Serez-vous candidate au premier secrétariat ?

Je n’ai pas pris ma décision. Cela viendra le moment venu. A partir du moment où je ne quitte pas la politique, on ne peut pas faire de la politique sans parti. J’observe ce qui se passe, mais je ne veux pas me placer dans des logiques de conflits internes.

Cette indécision n’a-t-elle pas désorienté vos proches ?

C’est vrai que c’est un peu déstabilisant pour mon entourage, qui se demande pourquoi je ne repars pas sabre au clair. Certains se sont inquiétés, ont demandé des consignes. Je leur explique que la politique est faite d’étapes. Et qu’il ne faut pas que je me laisse happer par le système. Le jour où je leur dirai: «On y va», nous irons vraiment.

Combien de temps durera votre réflexion ?

Rassurez-vous, je ne suis pas en hibernation. Je travaille avec d’autres, j’accepte les invitations à l’international et je me bats pour ma région. C’est essentiel. Et je mettrai ce travail au service du collectif.

Comment allez-vous désormais participer à la vie du parti ?

J’ai rassemblé 17 millions de voix, après avoir été désignée par 60% des adhérents du parti. J’ai des responsabilités à l’égard de tous et toutes. Je ne peux donc pas me laisser attirer dans je ne sais quel piège de tactique interne. Rassembler, expliquer, fédérer, voilà le seul rôle que je me donne. Et mettre au service de la gauche et des Français le potentiel de l’élection présidentielle.

La rentrée politique a été marquée par une profusion de livres très sévères à votre égard. Vous ont-ils affecté ?

Oui. Ça laisse toujours des traces, on est toujours touché. D’ailleurs, c’est bien l’objectif. Mais c’est passé. L’important est que les gens se disent et me disent que je me suis bien battue.

Irez-vous au conseil national de samedi ?

Je serai probablement en Argentine pour l’élection de Cristina Kirchner, puis au Chili. Sinon, j’y serais allée.

Vous venez de rencontrer Walter Veltroni. L’exemple de la primaire italienne est-il envisageable en France ?

Tous les dirigeants italiens ont accepté l’émergence parmi eux d’un leader, avec trois millions et demi d’électeurs qui ont payé un euro pour participer. Au PS, les militants à 20 euros ont été parfois contestés. Mais la réflexion doit se poursuivre. Je sais que ce n’est pas facile, car nous héritons d’un système sécurisant pour les courants, avec ce que cela signifie de contrôle des fédérations et de positions verrouillées.

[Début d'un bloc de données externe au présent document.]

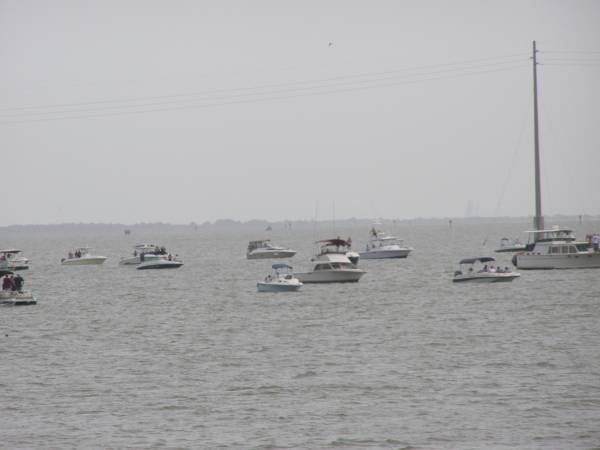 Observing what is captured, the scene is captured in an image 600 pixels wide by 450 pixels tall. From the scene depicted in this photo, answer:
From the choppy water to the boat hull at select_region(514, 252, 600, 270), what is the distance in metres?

Mais au PS, nous avons tous compris, certes à des degrés divers, que ce système devait changer. L’exemple italien doit nous faire réfléchir.

Comment faire évoluer le PS ?

Il faut rendre la parole aux militants. Mais aussi faire voter des gens qui ne sont pas adhérents du parti, comme en Italie. La préoccupation de l’organisation ne doit pas être l’organisation elle-même.

Cela ne semble pas être la tendance actuelle au sein du PS…

Il existe toujours dans le parti cette ligne élitiste sur la crainte d’une transformation en «parti de supporters». Mais qu’est-ce que ça veut dire? Cette conception condescendante me choque. Pourquoi considérer les gens comme des écervelés, qui choisissent à la tête du client? Peut-être qu’ils adhèrent aussi à des idées…

La fusion à l’italienne entre socialistes et centristes vous inspire-t-elle ?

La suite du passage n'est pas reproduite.